Hip Pain in Thrusters --> Push Press
If an exercise is not suitable even after adjusting intensity and ROM, replacing it with a different exercise that works the same muscle groups in a similar manner is advisable. For instance, substituting pull-ups with assisted pull-ups or lat pull-downs can cater to the same upper body muscles with less intensity.
General Categories of Movements:
Vertical Pressing (Ie. Strict Press, Push Press, Handstand Push-Up)
Horizontal Pressing (Ie: Bench Press, Push Ups, Man Makers)
Vertical Pulling (ie: Pull-Ups, Lat Pull Down, Toes To Bar)
Horizontal Pulling (ie: Bent Over Row, Lawn Mower Rows, Ring Rows)
Squatting & Lunging (ie: Back Squat, Lunges, Wall-Sits
Hinging (ie: Deadlifts, RDLs, KB Swings, Single Leg RDL)
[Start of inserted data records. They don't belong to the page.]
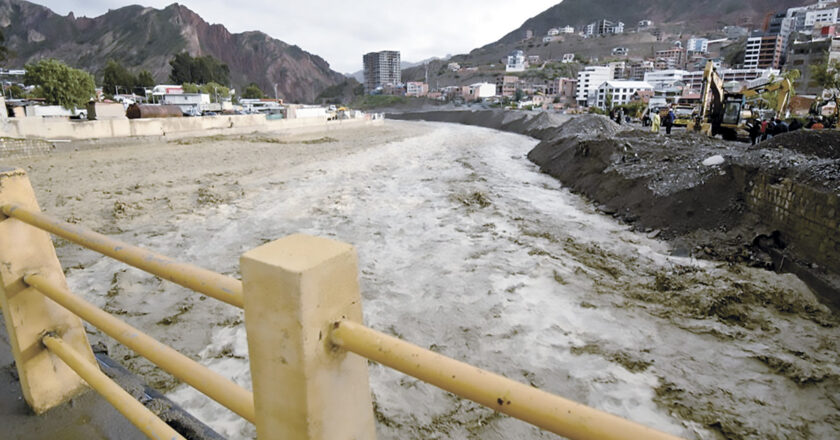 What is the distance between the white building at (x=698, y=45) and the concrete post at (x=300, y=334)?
188m

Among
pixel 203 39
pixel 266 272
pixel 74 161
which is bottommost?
pixel 74 161

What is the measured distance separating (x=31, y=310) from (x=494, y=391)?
7.57 feet

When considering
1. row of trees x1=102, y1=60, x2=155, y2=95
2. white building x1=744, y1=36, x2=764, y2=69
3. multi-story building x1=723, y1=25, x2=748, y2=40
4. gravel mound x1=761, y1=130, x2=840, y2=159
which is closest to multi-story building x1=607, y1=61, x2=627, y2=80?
white building x1=744, y1=36, x2=764, y2=69

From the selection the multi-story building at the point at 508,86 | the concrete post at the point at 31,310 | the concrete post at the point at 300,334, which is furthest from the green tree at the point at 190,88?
the concrete post at the point at 300,334

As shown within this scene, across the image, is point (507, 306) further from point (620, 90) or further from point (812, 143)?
point (620, 90)

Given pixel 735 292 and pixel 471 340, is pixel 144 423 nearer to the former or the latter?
pixel 471 340

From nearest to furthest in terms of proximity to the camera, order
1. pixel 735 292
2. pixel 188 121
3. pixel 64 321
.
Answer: pixel 64 321
pixel 735 292
pixel 188 121

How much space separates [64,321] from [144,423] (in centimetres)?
109

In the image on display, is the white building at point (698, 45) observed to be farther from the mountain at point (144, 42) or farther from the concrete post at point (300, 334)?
the concrete post at point (300, 334)

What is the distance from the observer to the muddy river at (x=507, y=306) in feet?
13.7

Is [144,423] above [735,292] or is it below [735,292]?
above

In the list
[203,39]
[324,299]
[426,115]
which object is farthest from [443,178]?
[203,39]

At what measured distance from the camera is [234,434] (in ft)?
11.9

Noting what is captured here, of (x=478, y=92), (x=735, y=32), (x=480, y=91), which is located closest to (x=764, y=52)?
(x=735, y=32) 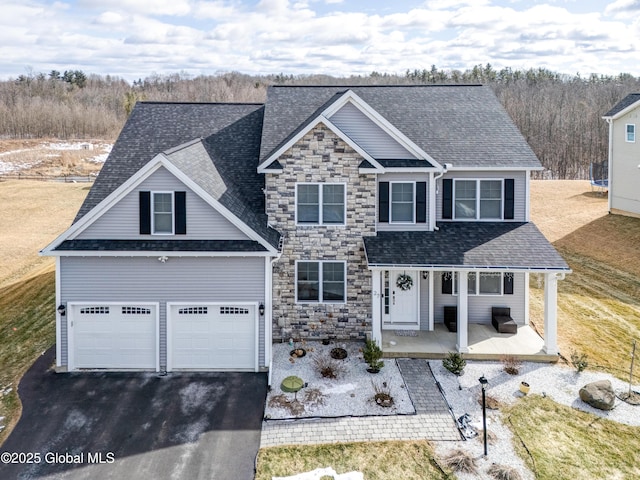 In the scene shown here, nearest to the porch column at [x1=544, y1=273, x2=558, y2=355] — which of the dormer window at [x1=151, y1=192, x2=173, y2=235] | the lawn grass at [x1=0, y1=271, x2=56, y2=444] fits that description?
the dormer window at [x1=151, y1=192, x2=173, y2=235]

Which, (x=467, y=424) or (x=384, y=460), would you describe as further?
(x=467, y=424)

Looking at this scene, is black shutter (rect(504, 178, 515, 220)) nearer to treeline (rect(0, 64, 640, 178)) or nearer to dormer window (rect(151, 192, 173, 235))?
dormer window (rect(151, 192, 173, 235))

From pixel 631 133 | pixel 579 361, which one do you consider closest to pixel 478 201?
pixel 579 361

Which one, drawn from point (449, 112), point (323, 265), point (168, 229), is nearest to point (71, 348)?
point (168, 229)

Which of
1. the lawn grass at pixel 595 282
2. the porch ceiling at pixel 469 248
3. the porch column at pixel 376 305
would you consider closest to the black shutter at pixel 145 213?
the porch ceiling at pixel 469 248

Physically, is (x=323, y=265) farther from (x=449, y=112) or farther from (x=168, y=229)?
(x=449, y=112)

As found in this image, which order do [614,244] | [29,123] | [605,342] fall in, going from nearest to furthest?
[605,342], [614,244], [29,123]

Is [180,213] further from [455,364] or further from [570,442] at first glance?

Core Exercises (ie: Pallof Press, Dead Bugs, Plank Holds, Side Plank)
Ensure that the scaled exercise continues to focus on the intended body part. This consistency is crucial for achieving the workout’s objectives and maintaining a balanced training session.
General Body Parts:
Back & Biceps (Pulling Muscles)
Chest & Triceps (Pushing Muscles
Quads & Glutes (Squatting Muscles)
Hamstrings & Glutes (Hinging Muscles)
Abs (Anti-Extension Muscles)
Obliques (Anti-Latera Bend Muscles)
Lower Back (Anti-Flexion Muscles)
Transverse Abdominous (Anti-Rotation Muscles)
The duration of the scaled exercise should closely match that of the original. This consideration helps maintain the workout's structure and pacing, ensuring that no part of the session becomes disproportionately challenging or time-consuming.
Example:
60 Double Unders (:60 Of Work) --> Scale to an exercise that would take about :60) --> 250m Row
Understanding when to advance a scaled exercise or revert to a simpler version is essential for continual improvement and adaptation. Coaches should regularly assess their clients' performance and readiness to progress or need to regress based on their current fitness levels and workout responses.
Example:
Regression <----> Movement <----> Progression
Dumbbell Snatch Barbell Snatch Barbell Squat Snatch
Regularly reviewing the scaling options noted in workout tracking platform SugarWOD can provide insights into how participants are adapting to scaled exercises. These notes can help coaches tailor workouts more effectively, ensuring that each individual progresses safely and efficiently toward their fitness goals.
Effective scaling is vital for accommodating diverse abilities and ensuring that all participants can benefit from a workout safely and productively. It requires a thoughtful approach from coaches, who must balance maintaining the integrity and challenge of the exercise while accommodating individual needs. By adhering to these guidelines, fitness trainers can create inclusive, adaptable, and challenging workout environments that cater to a broad range of fitness levels.
Membership Holds & Cancellations
Yes, you can place your membership on hold for 14 to 90 days once per year. Please note that this is not a cancellation, and cancellation policies will still apply if you choose to cancel while your membership is on hold.
Yes, for personal training and semi-private training clients, you can place multiple holds per calendar year by giving us a 48-hour notice of your schedule changes. This flexibility is to accommodate the varying needs of our personal training clients.
Yes, you are able to cancel your membership at any point in time with 14-days notice, the filling out of our membership cancellation form, and an exit interview.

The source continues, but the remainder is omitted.